Digitando su Google frasi come “ottimizzazione siti web” o “posizionamento siti web”, i risultati che vi si presenteranno saranno una moltitudine di guide su come fare seo, come ottenere una posizione alta nei motori di ricerca, e così via.

Ma come funziona davvero Google e come fare per posizionare in maniera ottimale un sito su un motore di ricerca?

Come funziona Google

Premessa: come funziona Google è arduo saperlo. Soprattutto perché i suoi algoritmi non sono spesso noti, e spesso variano in brevi lassi di tempo.

Possiamo però tenervi aggiornati sugli ultimi aggiornamenti Google in fatto di ottimizzazione e posizionamento siti web, elencandovi le linee guida pubblicate recentemente dallo stesso motore di ricerca.
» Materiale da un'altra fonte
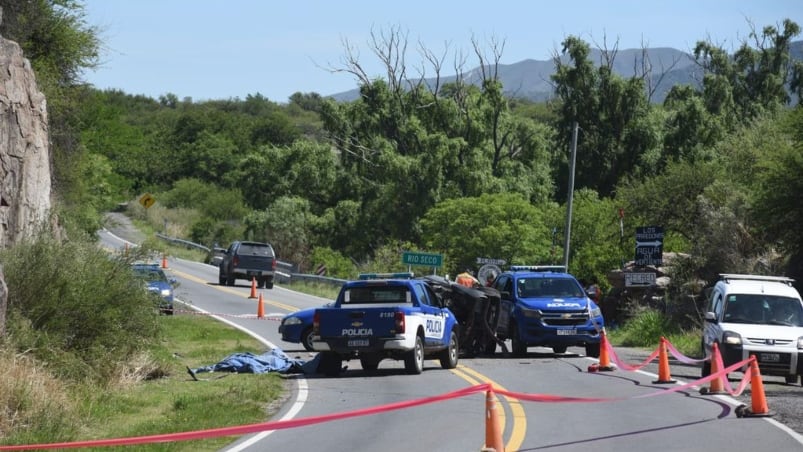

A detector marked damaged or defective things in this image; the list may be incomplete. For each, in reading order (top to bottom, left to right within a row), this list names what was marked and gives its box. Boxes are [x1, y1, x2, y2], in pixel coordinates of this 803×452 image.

overturned vehicle [420, 276, 508, 356]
Un errore comunque che non si deve mai fare è pensare che Google sia basato su trucchi o manipolazioni miracolose. Quando si vuole ottimizzare un sito cercando di capire come funziona Google, si deve invece tenere a mente un solo principio: Google si basa sulla qualità, e soprattutto sull’usabilità e la piena soddisfazione dell’utente, ovvero premia quei siti che danno all’utente esattamente quello che cerca.
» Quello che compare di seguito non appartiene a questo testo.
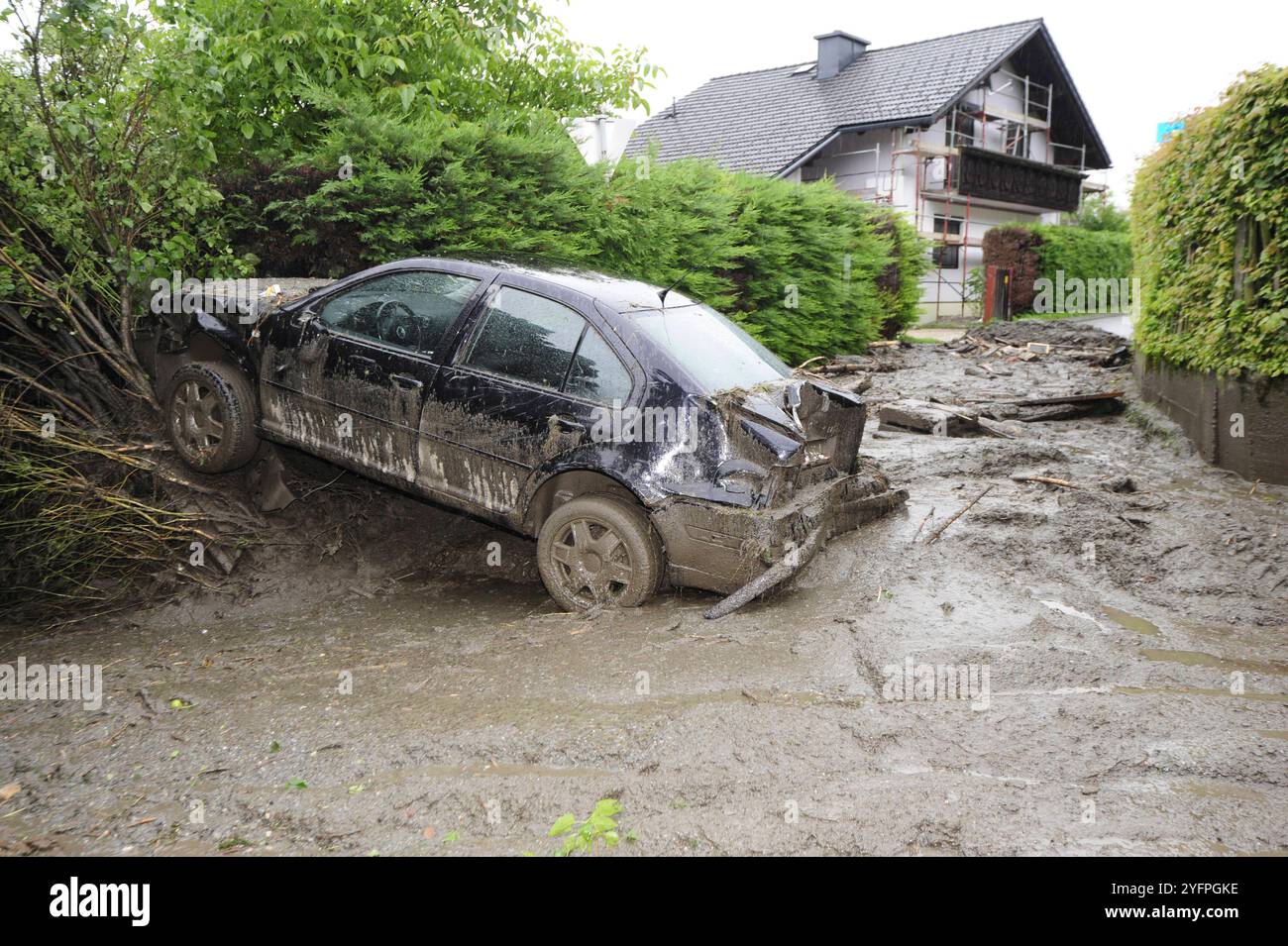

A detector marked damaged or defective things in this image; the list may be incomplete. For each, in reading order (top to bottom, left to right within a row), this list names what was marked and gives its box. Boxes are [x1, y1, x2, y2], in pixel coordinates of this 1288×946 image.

damaged rear bumper [649, 461, 912, 615]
Per far ciò quindi, prima ancora di pensare a come essere trovati facilmente e a come posizionarsi nei primi posti di Google nelle pagine di risultati (SERP), si devono creare siti web di qualità, perché ricordate che i vostri clienti finali sono gli utenti, non i motori di ricerca.

Come ottimizzare un sito web

Venendo comunque al nocciolo della questione “ottimizzazione sito web”, ecco di seguito otto passi fondamentali che la nostra agenzia seo consiglia di seguire per posizionarsi al meglio su Google.

Questa guida, badate bene, non svela alcun segreto su come collocarsi magicamente ai primi posti nei risultati di ricerca. Ma di sicuro seguire queste raccomandazioni aiuterà i motori di ricerca a scansionare e indicizzare correttamente i contenuti dei vostri siti, e questo garantirà una sicura resa anche in fase di posizionamento.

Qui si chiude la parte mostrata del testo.